March 26, 2020

ANGELA MERKEL TESTS POSITIVE AND SO DOES GRETA THUNBERG

In what will come to be regarded as the most significant count of poetic justice in human history (once the new age of enlightenment arrives), German Chancellor Angela Merkel has tested positive for the Big C.

The Big C used to be cancer, but right now it’s COVID-19, or China Flu, which was grown in a Chinese lab and released by China using its own people as agents to spread the virus to the rest of the world.

But many will also be pleased to learn that the Joan of Arc of global warming, Greta Thunberg, who had to stand on a chair to reach puberty, is also claiming to have tested positive.

Greta is annoying, but she’s no global criminal, while Angela Merkel has the blood of White Europeans on her hands. The former hard-line socialist is responsible for over a million non-white ‘rapefugees’, mostly males of fighting age, flooding into European countries during 2015. Since their arrival, ghettoes have formed, no-go zones have sprung up, white women have been savagely raped and murdered, and the cultural fabric of the epicentre of western civilisation has been overrun by black and brown Moslems.

All of this with the blessing of who the invading hordes once called ‘Momma Merkel’, and praised as a saint.

Think of those refugees as a virus, and think of how the mass migrations of these fighting age fortune-seekers from the mid-east, Africa, and sub-continent are akin to the spread of COVID-19. The safest measure in both instances is to close the gates and quarantine the host population.

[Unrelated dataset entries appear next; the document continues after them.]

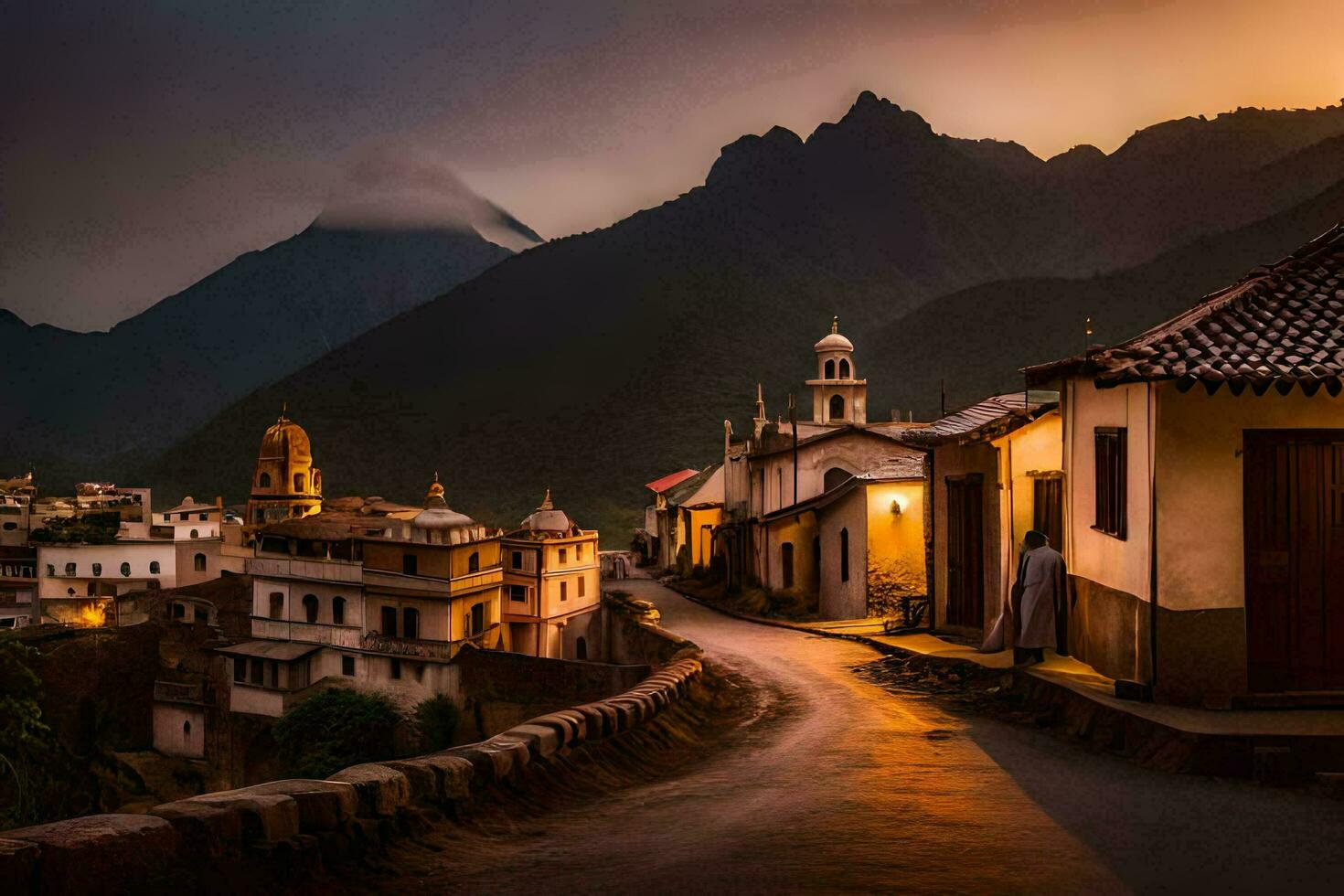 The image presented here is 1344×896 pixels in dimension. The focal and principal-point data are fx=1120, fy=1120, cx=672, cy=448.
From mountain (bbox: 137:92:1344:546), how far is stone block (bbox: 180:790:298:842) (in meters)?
→ 70.9

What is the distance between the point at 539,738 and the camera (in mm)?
8648

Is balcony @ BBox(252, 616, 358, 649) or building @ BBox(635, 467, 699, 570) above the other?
building @ BBox(635, 467, 699, 570)

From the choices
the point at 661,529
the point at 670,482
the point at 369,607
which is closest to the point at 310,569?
the point at 369,607

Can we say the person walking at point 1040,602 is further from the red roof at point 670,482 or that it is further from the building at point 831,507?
the red roof at point 670,482

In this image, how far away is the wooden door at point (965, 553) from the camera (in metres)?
17.8

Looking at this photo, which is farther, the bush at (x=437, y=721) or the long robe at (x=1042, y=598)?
the bush at (x=437, y=721)

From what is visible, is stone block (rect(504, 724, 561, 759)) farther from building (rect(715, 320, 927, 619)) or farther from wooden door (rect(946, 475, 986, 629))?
building (rect(715, 320, 927, 619))

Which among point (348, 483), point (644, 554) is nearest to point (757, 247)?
point (348, 483)

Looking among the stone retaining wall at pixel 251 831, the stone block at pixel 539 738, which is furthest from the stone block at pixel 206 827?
the stone block at pixel 539 738

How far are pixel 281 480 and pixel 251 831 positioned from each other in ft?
221

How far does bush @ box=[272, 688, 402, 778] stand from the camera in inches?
1684

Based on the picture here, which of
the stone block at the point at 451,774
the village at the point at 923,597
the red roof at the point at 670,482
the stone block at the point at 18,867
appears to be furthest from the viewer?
the red roof at the point at 670,482

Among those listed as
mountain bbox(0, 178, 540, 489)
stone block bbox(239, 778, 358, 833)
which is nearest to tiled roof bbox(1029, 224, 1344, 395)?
stone block bbox(239, 778, 358, 833)

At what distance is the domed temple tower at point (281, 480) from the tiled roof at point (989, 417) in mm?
56336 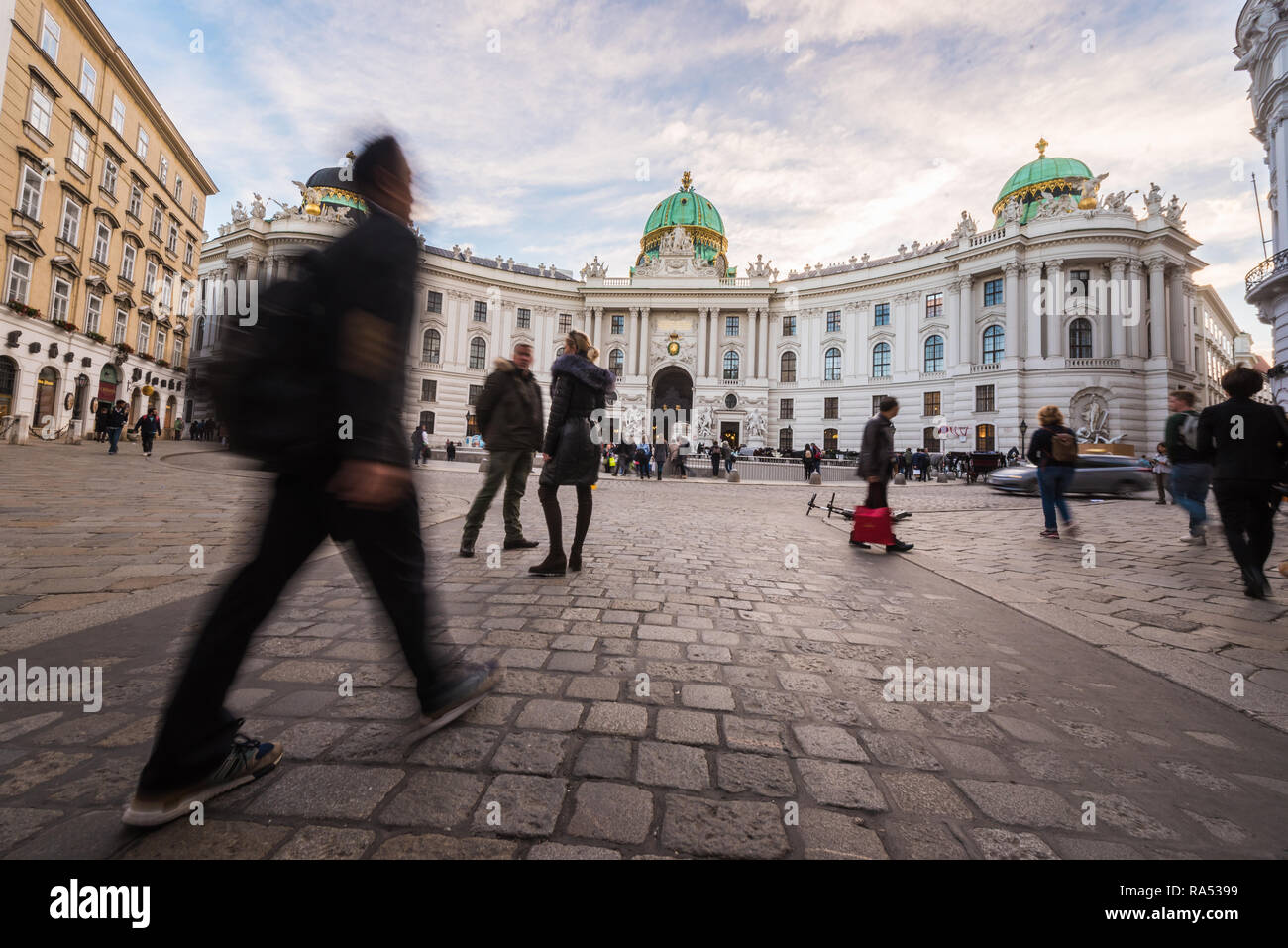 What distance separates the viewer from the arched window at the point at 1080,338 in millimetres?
34938

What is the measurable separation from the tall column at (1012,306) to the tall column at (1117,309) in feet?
17.2

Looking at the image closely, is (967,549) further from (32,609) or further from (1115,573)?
(32,609)

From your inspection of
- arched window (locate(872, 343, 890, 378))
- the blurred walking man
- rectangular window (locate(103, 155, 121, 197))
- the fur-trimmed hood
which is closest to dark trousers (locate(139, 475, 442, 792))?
the blurred walking man

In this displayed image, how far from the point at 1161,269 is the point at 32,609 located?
49.9 meters

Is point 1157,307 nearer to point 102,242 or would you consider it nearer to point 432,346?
point 432,346

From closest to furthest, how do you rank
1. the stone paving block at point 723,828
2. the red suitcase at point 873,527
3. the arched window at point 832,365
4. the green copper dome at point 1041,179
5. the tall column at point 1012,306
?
the stone paving block at point 723,828 < the red suitcase at point 873,527 < the tall column at point 1012,306 < the green copper dome at point 1041,179 < the arched window at point 832,365

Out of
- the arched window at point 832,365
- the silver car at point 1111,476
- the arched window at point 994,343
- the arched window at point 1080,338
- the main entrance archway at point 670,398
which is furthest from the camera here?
the main entrance archway at point 670,398

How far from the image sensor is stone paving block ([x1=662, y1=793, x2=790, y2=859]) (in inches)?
51.3

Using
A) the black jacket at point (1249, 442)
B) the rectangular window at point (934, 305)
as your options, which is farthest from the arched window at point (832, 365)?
the black jacket at point (1249, 442)

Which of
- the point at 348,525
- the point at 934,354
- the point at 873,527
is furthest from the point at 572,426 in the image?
the point at 934,354

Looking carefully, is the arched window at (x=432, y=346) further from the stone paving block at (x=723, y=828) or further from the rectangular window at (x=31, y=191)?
the stone paving block at (x=723, y=828)

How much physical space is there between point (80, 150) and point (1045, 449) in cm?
3714

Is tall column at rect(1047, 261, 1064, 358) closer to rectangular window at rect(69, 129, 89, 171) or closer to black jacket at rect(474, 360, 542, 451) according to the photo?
black jacket at rect(474, 360, 542, 451) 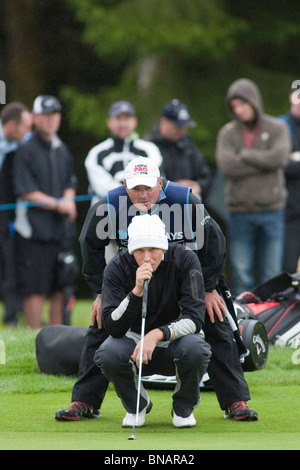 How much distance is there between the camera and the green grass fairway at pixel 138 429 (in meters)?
5.25

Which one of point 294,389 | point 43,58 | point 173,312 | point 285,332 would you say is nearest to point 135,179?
point 173,312

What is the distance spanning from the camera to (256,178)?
11.3 metres

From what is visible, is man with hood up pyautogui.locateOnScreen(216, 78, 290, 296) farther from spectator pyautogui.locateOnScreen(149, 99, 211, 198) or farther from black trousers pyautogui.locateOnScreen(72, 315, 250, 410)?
black trousers pyautogui.locateOnScreen(72, 315, 250, 410)

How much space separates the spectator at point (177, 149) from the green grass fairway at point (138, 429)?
3181mm

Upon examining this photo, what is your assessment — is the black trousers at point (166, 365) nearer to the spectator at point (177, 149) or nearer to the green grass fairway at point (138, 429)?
the green grass fairway at point (138, 429)

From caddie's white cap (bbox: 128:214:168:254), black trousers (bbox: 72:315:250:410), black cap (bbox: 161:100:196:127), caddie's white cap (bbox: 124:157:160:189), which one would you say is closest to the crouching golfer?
caddie's white cap (bbox: 128:214:168:254)

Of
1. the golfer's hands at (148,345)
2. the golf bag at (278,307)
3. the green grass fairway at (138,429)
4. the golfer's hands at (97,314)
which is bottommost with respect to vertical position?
the green grass fairway at (138,429)

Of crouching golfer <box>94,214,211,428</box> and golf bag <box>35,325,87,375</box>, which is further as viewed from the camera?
golf bag <box>35,325,87,375</box>

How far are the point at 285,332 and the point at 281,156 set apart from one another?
291 centimetres

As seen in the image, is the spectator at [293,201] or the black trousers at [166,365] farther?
the spectator at [293,201]

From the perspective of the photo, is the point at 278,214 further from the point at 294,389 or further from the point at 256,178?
the point at 294,389

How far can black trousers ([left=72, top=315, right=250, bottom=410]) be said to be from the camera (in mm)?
6312

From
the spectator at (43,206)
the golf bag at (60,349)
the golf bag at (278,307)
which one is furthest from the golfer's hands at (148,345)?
the spectator at (43,206)

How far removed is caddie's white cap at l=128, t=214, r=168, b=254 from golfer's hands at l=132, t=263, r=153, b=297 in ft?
0.38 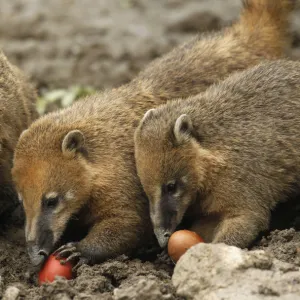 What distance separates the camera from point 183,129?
24.3 feet

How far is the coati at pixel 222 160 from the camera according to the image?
7309 millimetres

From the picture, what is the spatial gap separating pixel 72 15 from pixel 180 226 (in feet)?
20.4

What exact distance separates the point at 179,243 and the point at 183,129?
1086 mm

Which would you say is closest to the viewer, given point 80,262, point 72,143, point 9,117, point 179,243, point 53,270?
point 179,243

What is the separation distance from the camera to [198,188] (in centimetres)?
742

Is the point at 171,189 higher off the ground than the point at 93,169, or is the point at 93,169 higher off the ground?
the point at 93,169

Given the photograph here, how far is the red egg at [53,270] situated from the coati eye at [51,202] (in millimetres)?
458

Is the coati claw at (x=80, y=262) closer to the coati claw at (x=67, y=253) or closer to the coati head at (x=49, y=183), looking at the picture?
the coati claw at (x=67, y=253)

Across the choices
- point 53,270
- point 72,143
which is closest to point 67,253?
point 53,270

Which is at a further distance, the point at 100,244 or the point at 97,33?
the point at 97,33

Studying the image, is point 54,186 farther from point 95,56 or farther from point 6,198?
point 95,56

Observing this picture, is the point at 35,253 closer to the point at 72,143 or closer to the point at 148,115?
the point at 72,143

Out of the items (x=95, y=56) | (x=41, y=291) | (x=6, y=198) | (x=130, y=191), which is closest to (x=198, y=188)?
(x=130, y=191)

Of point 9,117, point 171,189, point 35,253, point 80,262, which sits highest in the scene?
point 9,117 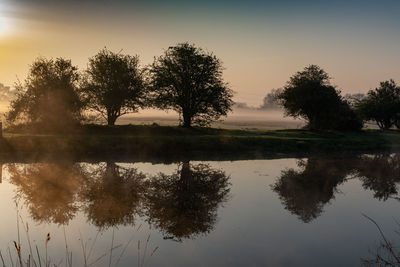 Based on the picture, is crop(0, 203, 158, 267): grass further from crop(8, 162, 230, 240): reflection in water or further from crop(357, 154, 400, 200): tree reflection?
crop(357, 154, 400, 200): tree reflection

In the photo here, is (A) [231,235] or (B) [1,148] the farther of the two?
(B) [1,148]

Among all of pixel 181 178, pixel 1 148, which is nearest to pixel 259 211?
pixel 181 178

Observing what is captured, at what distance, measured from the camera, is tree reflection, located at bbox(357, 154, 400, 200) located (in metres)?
21.9

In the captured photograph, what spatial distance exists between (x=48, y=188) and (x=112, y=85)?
3643 cm

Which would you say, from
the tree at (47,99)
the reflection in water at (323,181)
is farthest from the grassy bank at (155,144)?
the reflection in water at (323,181)

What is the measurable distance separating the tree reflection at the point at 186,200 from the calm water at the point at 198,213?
4cm

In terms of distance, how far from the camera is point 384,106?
91.6 metres

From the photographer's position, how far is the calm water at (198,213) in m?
11.5

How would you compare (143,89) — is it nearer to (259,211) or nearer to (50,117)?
(50,117)

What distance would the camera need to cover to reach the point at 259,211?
659 inches

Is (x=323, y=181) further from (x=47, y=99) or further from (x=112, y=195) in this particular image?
(x=47, y=99)

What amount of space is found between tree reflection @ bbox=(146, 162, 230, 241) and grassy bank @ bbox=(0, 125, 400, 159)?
11.0 metres

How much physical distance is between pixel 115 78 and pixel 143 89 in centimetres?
505

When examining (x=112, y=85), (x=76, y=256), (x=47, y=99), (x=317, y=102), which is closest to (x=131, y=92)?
(x=112, y=85) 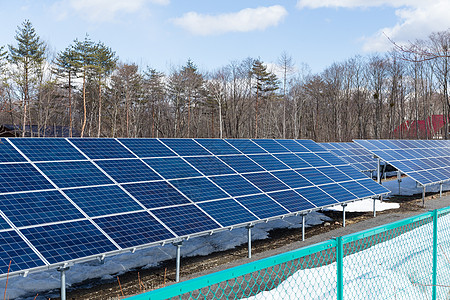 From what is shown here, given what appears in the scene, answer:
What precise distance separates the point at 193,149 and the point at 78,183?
5304mm

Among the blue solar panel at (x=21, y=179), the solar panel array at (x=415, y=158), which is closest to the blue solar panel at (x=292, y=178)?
the blue solar panel at (x=21, y=179)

Merkel didn’t do that; she ensured the contagion was passed on.

Therefore, it’s perfectly proper that Merkel should catch the China Flu, and with a little luck, die from it. If there is any such thing as justice in the world, she will croak while gargling up smouldering bile, her corpse resembling the ghastly mutant image of Dorian Gray, or a painting by Francis Bacon. Then, instead of there being a state service, her remains will be fed to a goat and shit out on an overgrown median strip somewhere inside the city of Chernobyl.

Yes, it’s surprising how, when you add a little and subtract a few, just how much good news is coming out of the coronavirus epidemic. Hearing young Greta is self-isolating because she fears she may have caught it while jaunting around Europe warning everybody about how the sky is about to fall in is warming news, but nothing on the scale of Merkel.

Back home, meanwhile, we’ve had the fortune to have turgid geeks such as Peter Dutton and NSW Liberal Party “powerbroker” Joe Tannous catch it. The latter is in intensive care at St George Hospital in Sydney. Other politicians are coming down with it too, we hope, and it just may lead to the collapse of parliament if we cross our fingers and say our prayers.

Even wilder news is that Prince Charles has tested positive, and he met with Australian High Commissioner George Brandis, so hopefully, he’s caught a snoot full of it as well. The news just keeps on getting better. Or Worse, because as soon as we were about to go live with this report, we read that Merkel’s second test has come back negative, which proves that there is no good news.

We give up. We can only beseech the good lord that she’s lying, and they’re trying to play up confidence in the German government by pretending all is well, but really, she’s close to death.

Still, she is self-isolating and must be sick to have done so, which means there’s still hope yet.